**Material provided**

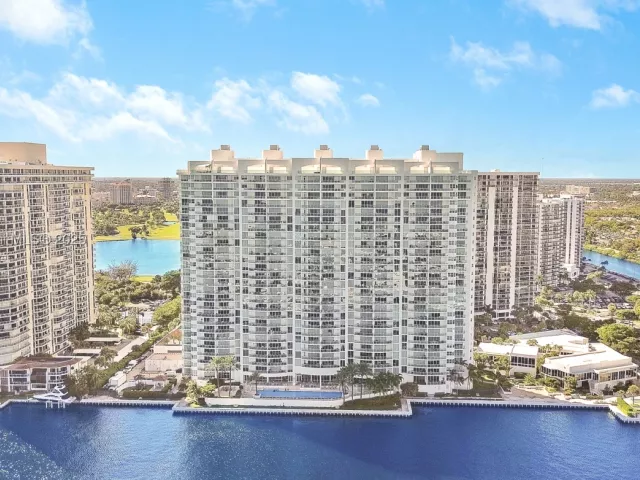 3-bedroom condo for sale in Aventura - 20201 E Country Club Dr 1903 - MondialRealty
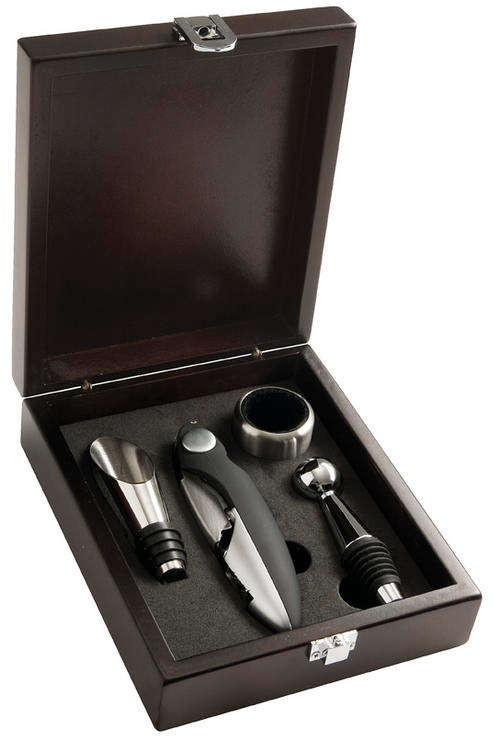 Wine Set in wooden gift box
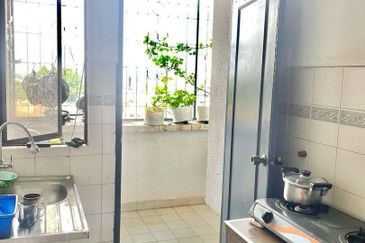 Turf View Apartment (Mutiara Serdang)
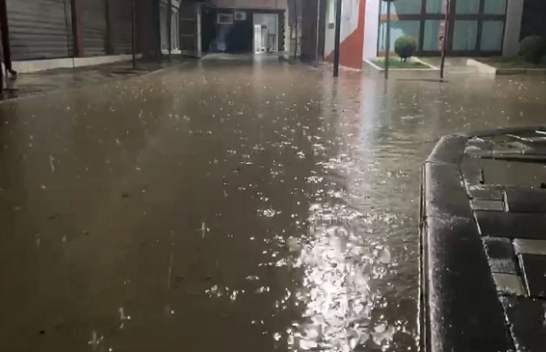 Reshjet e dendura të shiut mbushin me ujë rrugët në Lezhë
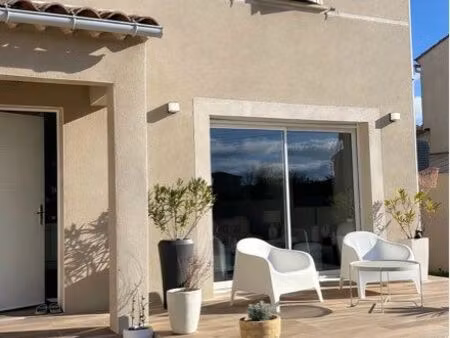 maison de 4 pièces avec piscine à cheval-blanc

---

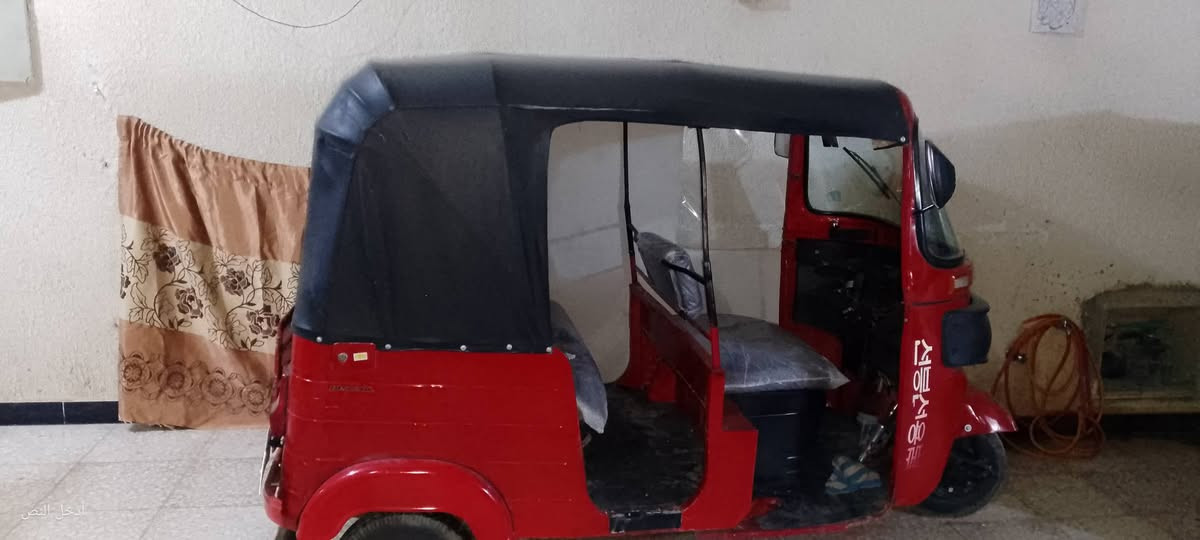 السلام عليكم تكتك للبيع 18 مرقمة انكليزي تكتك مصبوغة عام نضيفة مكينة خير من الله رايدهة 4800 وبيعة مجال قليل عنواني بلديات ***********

--

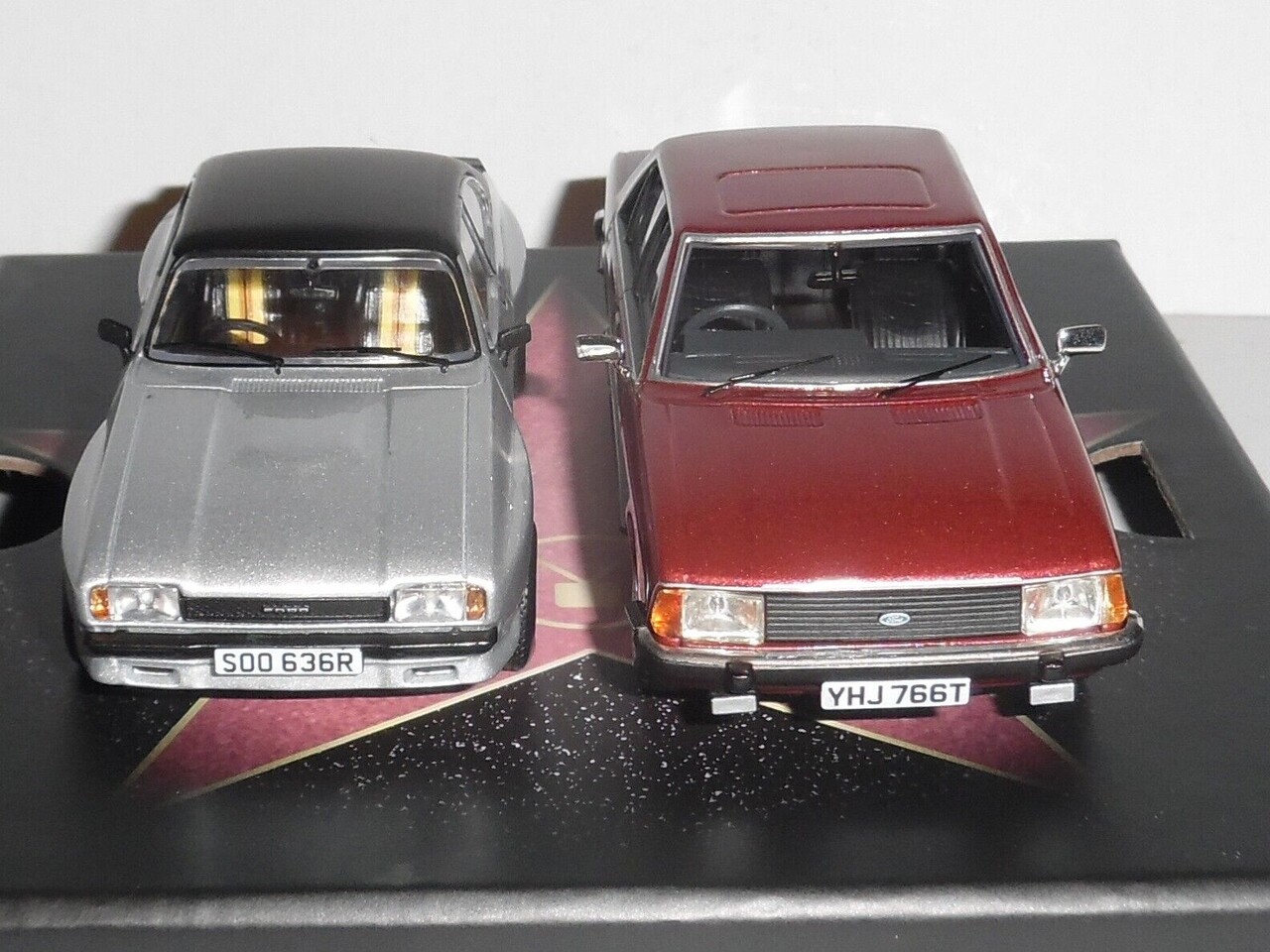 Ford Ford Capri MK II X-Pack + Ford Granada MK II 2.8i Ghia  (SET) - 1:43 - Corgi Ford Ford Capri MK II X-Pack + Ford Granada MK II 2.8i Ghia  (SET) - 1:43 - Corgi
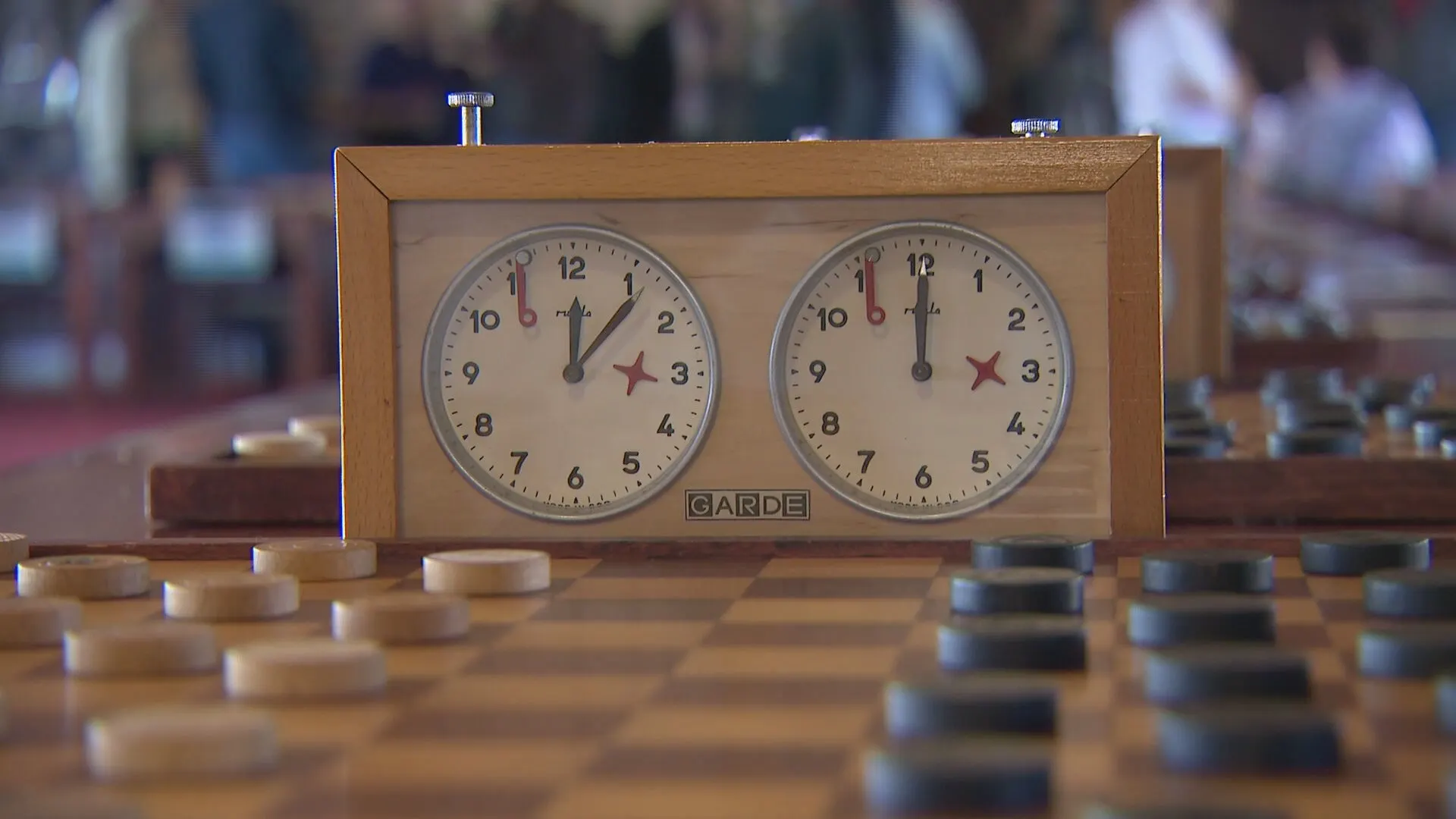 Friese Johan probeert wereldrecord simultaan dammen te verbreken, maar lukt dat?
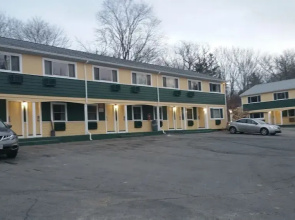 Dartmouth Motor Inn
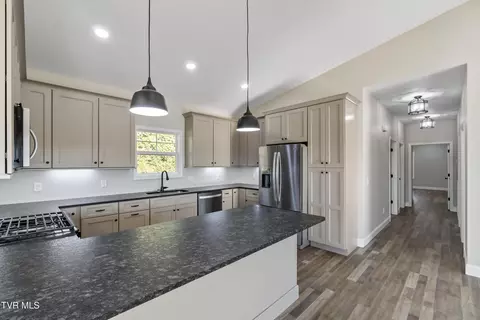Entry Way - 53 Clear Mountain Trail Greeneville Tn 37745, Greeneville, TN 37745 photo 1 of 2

**What is expected**
Excluding any pictures, print exactly the lines of the listing above from the line with "Wine Set in wooden gift box" to the line with "maison de 4", both ends included.

**Answer space**
 Wine Set in wooden gift box
 Turf View Apartment (Mutiara Serdang)
 Reshjet e dendura të shiut mbushin me ujë rrugët në Lezhë
 maison de 4 pièces avec piscine à cheval-blanc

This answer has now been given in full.